> [YOUR INSTRUCTIONS]
Here are some records. Transcribe all of them exactly.
##### RECORDS TO USE
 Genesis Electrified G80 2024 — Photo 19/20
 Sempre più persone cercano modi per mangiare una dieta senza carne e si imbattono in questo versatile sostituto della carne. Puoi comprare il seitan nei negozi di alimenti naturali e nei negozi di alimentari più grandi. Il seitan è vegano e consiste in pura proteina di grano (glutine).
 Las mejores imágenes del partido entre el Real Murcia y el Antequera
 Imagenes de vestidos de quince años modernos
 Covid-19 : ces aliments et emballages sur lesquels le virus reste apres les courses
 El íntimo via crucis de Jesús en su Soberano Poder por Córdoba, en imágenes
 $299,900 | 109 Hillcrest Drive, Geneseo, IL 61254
##########
> [EXERCISE OUTPUT]
 Genesis Electrified G80 2024 — Photo 19/20
 Sempre più persone cercano modi per mangiare una dieta senza carne e si imbattono in questo versatile sostituto della carne. Puoi comprare il seitan nei negozi di alimenti naturali e nei negozi di alimentari più grandi. Il seitan è vegano e consiste in pura proteina di grano (glutine).
 Las mejores imágenes del partido entre el Real Murcia y el Antequera
 Imagenes de vestidos de quince años modernos
 Covid-19 : ces aliments et emballages sur lesquels le virus reste apres les courses
 El íntimo via crucis de Jesús en su Soberano Poder por Córdoba, en imágenes
 $299,900 | 109 Hillcrest Drive, Geneseo, IL 61254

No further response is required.